Redler, who follows short-term technicals, said the market has been sending negative technical signals for weeks, starting with a death cross in the small cap Russell 2000 in late November.

Just last Friday the S&P 500 broke the neckline of a bearish head and shoulders top pattern, signaling more selling head.

Ari Wald, Oppenheimer technical strategist, said the negative action this week is the result of the market’s failure to find a bottom in October and November.

“This restarts the bottoming process. This was another boom, and now we need the whimper,” he said. Wald said as of Wednesday, just 17 percent of stocks in the S&P 500 were above their 200-day moving averages, close to levels from 2016 when there were as few as 12 percent.

Wald said that was an unusually low number. “The forward returns, when it gets that low, tend to be strong looking out six to 12 months but not necessarily over the next one to three months,” said Wald.

Redler said the best thing for the market would be a scary gap down for stocks Thursday because every morning this week , stocks opened higher and investors sold the early morning strength.

The next level is he is watching is 2,450 on the S&P 500, though the head and shoulders top pattern pointed to a possible decline to 2,300.

“You could get a rally first, but I put a very big high probability that we see 2,250 to 2,300 before you would want to put long-term money to work,” Redler said.

Wald said the market looks like it’s in for a period of selling. It’s very oversold, good for a longer term investor, but it doesn’t mean we’re setting up for an imminent recovery, ” he said.

Santa rally?

Wald said there’s a chance the so-called ‘Santa rally,’ could come between bouts of selling. It is typically the last five days of the old year and first three days of the new year, when the market is typically positive.

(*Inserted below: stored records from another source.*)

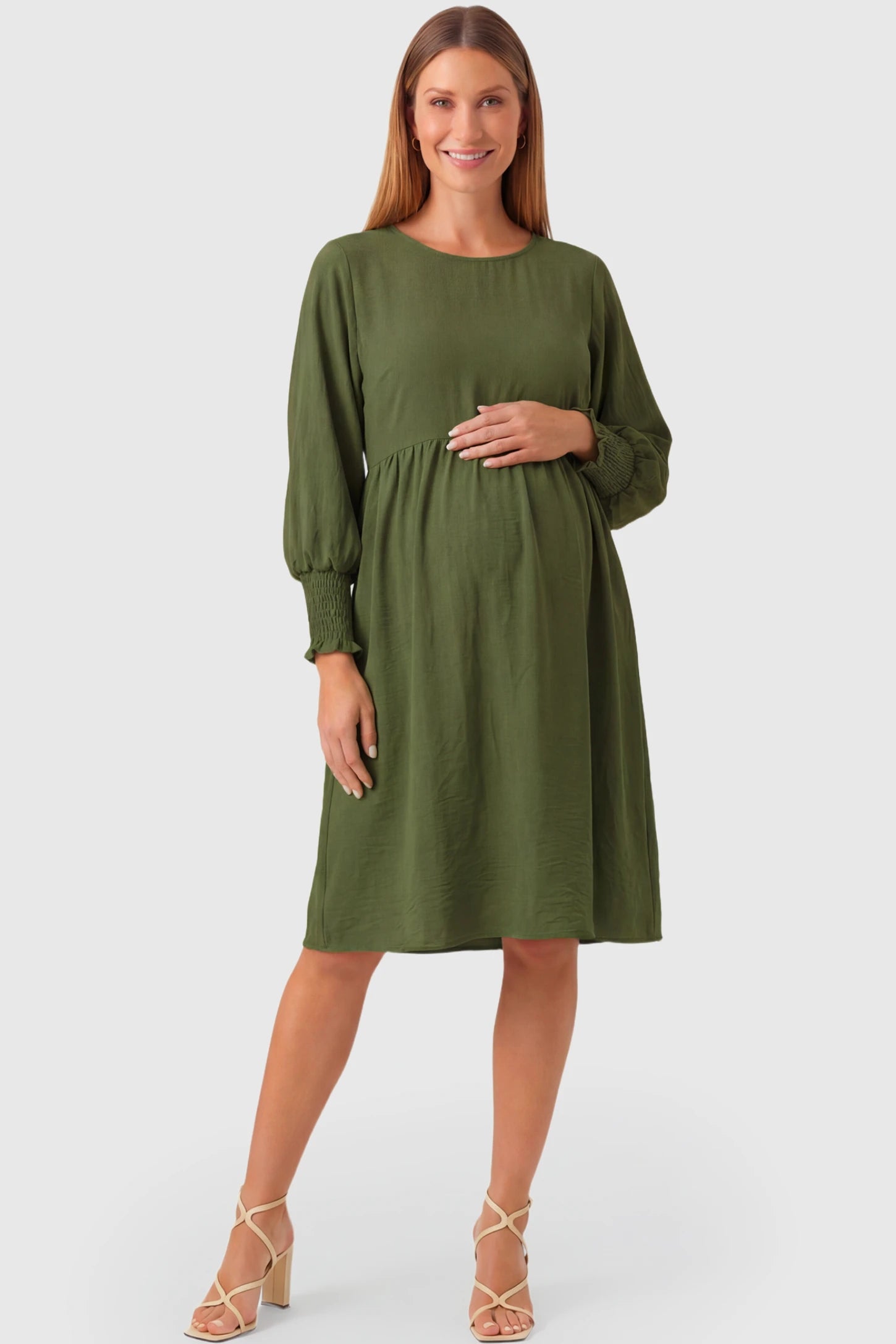 Balloon Sleeve Empire Waist Maternity Midi Dress Balloon Sleeve Empire Waist Maternity Midi Dress in army green featuring smocked elastic cuff sleeves and soft drape on a pregnant model.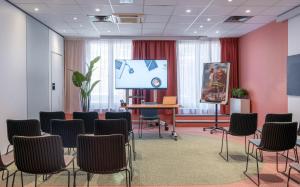 a meeting room with chairs and a projection screen at ibis Lille Centre Gares in Lille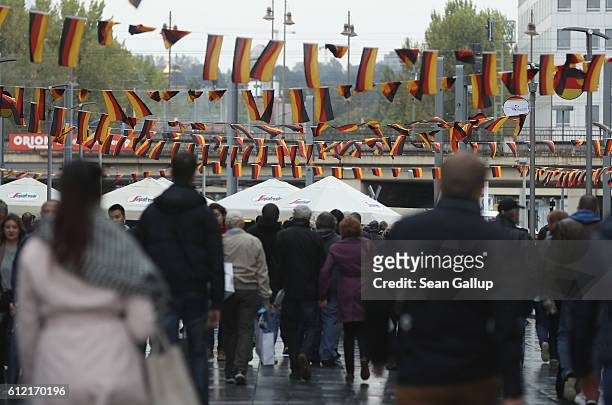 People walk under Germn flags fluttering above in the city center during celebrations to mark German Unity Day on October 3, 2016 in Dresden,...
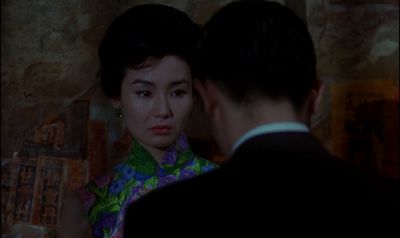 Still from In the Mood For Love (2000) that has been tagged with: 000000 & over-the-shoulder & medium close-up & night
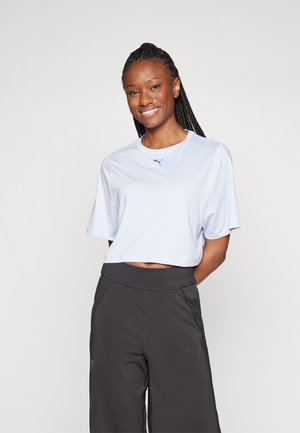 Ljusblå kortärmad t-shirt med korta ärmar, försedd med en liten marinblå logotyp på bröstet, ihop med svarta vida sportbyxor.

“You often do get strength in that seven day period, and if you don’t get it – if Santa shall fail to call, bears will come to Broad and Wall,” Wald said, sighting the old Wall Street adage.

He said the market is set up very much like 2014, when there were widening credit spreads coinciding with a steep drop in crude. He said the energy sector is breaking down.

“That is a key area dragging on markets here,” he said. “If you’re looking to sniff out opportunity, look in the software space.” He added that Microsoft is still above its 200-day moving average.

“It really is indiscriminate selling, of high and low momentum stocks. Nobody cares about relative strength in a falling market,” he said. “The speed of the decline is definitely surprising us more than the actual declien. We’ve been playing by this road map that this is a cyclical bear market in a secular bul lmarket. The average decline is 20 percent. We’re down about 15 percent.”

Redler also said the decline wasn’t unexpected.

“It’s happening because we’re 10 years into a bull tape that was longer than it should have been, and now they’re removing accommodation that was probably there longer than it should have been. This is a normal part of the cycle,” said Redler.